Nonviolent Fascism, Violent Anti-Fascism
From the desk of The Brussels Journal on Thu, 2008-05-15 12:08
A quote from Steven Erlanger in The New York Times and The International Herald Tribune, 13 May 2008
This combination of national pride, rightist politics, language purity and racially tinged opposition to big-city mores and immigration is a classic formula these days in modern Europe, a kind of nonviolent fascism.
A quote from Jewish Press Media Monitor, 18 October 2006
New York Times Jerusalem bureau chief Steven Erlanger is so openly pro-Palestinian in his reporting that he’s beginning to call to mind perhaps his most biased predecessor in that post – the truly execrable Deborah Sontag, whose transparently one-sided dispatches would invariably read as though she wrote them with a PLO flag draped over her word processor.
A quote from The Local, 8 March 2008
Leaders of the far-right Sweden Democrats live under constant threat of violence, according to new report from the Swedish security service Säpo. Säpo reports that it receives an average of 4.5 reports per month of cases of threats made to Sweden's district and county councillors. The threats are systematic, often involve violence, and come from autonomous groups across Sweden.
Urban Stupidity
Submitted by Bosch Ferretti on Thu, 2008-05-15 19:56.
Who knew that wanting to live in a prettier setting closer to nature - or just golf courses and a tree - amounted to racism, re: "racially tinged opposition to big-city mores." This sentence lets me know the kind of synthetic soul behind the quote. These NYT types are the worst: anyone who does not want to trade their pleasant life in a proper house for the rat-infested cubicle of city life must be some white supremacist militant.
Erlanger, the critic
Submitted by Thomas Landen on Thu, 2008-05-15 15:34.

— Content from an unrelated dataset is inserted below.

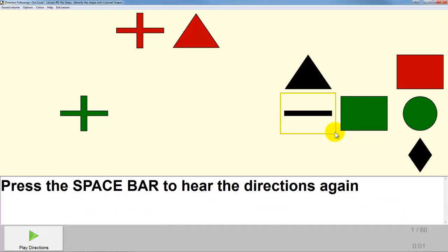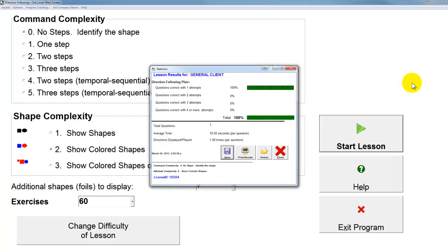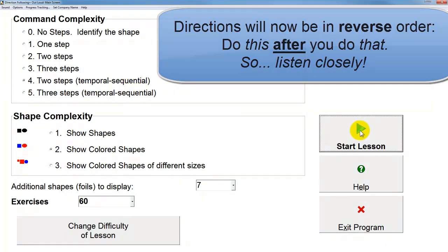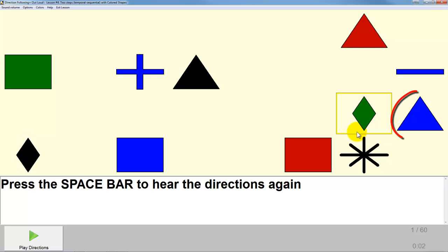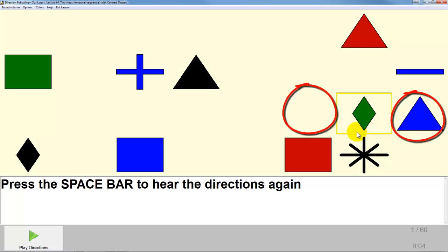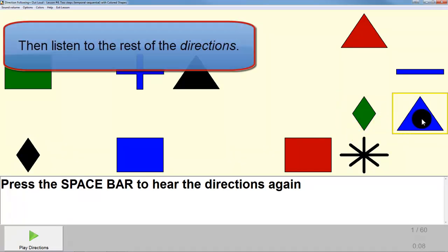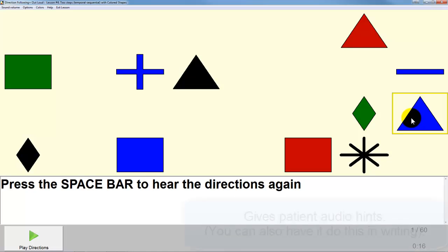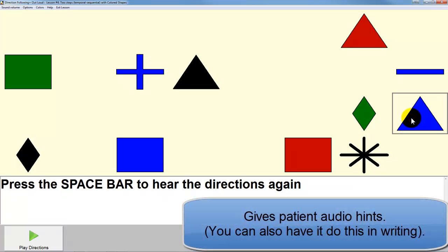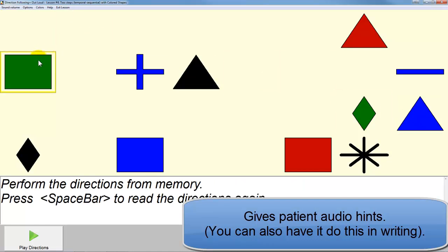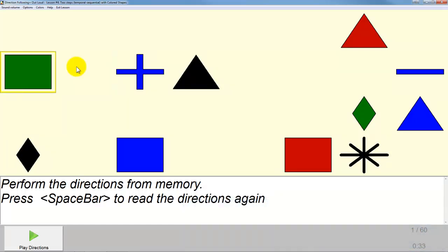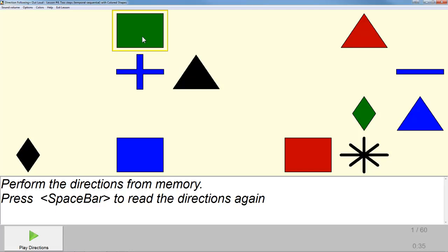Select the red square. Put the blue triangle to the left of the green diamond. Put the green square below the blue cross. You are performing the directions in the wrong order. That is a blue triangle — you should be moving the green square. You are moving the shape to the wrong location.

Then Mr Erlanger is the critic.
Interestingly, the International Herald Tribune (a joint European edition of NYT and Washington Post) does not (yet?) mention the critics bit and still has the sentence as quoted by the Brussels Journal.
Attention to detail
Submitted by Pankukas on Thu, 2008-05-15 14:29.
Funny, but Mr. Erlanger or his NYTimes "editors-editor" may have realised something is not quite right with the "classic" definition of modern European fascists, because the NYTimes version dated 14.05.2008 ascribes it to as of yet unspecified "critics":
"That combination of national pride, rightist politics, language purity and racially tinged opposition to immigration is a classic formula these days in modern Europe, what critics call a kind of nonviolent fascism."